I currently own 2 Elite bows one is a 2011 Tour in all black and a 2008 Xtreme XL I am a target shooter I don't hunt anymore. The things that I love about these bows is the sold back wall, the amazingly smooth draw cycle. Another great feature I found all the Elite bows have is that they are capable of use as target bows and with a simple change of accessories you can convert that amazing target bow and turn it into an equally as amazing hunting bow.


----------



## mauzerman98 (Mar 25, 2012)

Really, just an over gloryfied over priced bow made in neyw yeork city.it ant even close to the concept of fast.
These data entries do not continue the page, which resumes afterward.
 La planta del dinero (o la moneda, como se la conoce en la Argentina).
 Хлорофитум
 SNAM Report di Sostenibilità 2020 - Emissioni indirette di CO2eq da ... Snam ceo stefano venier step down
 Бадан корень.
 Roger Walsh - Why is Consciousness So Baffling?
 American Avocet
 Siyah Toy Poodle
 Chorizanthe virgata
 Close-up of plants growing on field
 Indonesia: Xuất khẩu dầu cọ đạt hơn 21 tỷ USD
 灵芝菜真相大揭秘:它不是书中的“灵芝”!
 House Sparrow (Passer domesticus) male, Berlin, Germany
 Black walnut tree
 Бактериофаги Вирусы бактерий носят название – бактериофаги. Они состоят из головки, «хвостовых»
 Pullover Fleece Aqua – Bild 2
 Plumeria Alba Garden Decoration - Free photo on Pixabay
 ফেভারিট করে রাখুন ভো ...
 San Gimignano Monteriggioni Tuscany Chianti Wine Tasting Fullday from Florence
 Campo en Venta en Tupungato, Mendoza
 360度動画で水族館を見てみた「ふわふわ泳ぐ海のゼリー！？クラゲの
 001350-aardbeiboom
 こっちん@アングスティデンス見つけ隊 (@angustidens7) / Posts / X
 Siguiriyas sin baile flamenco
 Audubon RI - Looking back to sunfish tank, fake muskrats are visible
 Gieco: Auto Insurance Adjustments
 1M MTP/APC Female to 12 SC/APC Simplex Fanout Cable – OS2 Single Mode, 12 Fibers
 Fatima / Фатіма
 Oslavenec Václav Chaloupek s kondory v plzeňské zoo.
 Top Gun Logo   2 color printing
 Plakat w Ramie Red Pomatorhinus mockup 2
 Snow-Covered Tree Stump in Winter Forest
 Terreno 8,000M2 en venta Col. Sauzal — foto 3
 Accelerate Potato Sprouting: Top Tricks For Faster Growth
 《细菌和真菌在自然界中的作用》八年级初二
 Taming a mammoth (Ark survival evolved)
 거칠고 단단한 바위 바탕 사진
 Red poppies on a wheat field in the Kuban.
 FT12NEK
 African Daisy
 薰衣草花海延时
Get a tried and true hoyt Mathews, the new pse and bears are better and smoother oh and quieter than eleitnots. Just my opinion lol


----------



## SharpStik (Apr 1, 2011)

> Really, just an over gloryfied over priced bow made in neyw yeork city.it ant even close to the concept of fast. Get a tried and true hoyt Mathews, the new pse and bears are better and smoother oh and quieter than eleitnots. Just my opinion lol


WOW, can't get more ignorant than that now can you?? Just my opinion lol


----------



## highcj5 (Feb 10, 2012)

just bought an elite hunter. love the bow. very happy with my purchase. just shoot alot of bows and go with the one that feels right for you. everyone has their own opinion. i don't think you would have any complaints if you went with an elite though. :beer:


----------



## mauzerman98 (Mar 25, 2012)

highcj5 said:


> just bought an elite hunter. love the bow. very happy with my purchase. just shoot alot of bows and go with the one that feels right for you. everyone has their own opinion. i don't think you would have any complaints if you went with an elite though. :beer:


Yes, highcj5 is right. Sorry for letting my feelings get in way over opinion. Elite does have a warranty that others won't match. Know a guy down the way much like dullstick on here with an elite but with a "im a superior horses a** attitude but can't back it up and gets his eyeballs shot out all day long. So in the end I really don't have any business on this forum to begin with, so I will go.


----------



## mauzerman98 (Mar 25, 2012)

Sorry bout ignorant spelling, that's dullstik,not dullstick! Dullstick, sharpstic, chopsticks it's all it is a little shtiky...


----------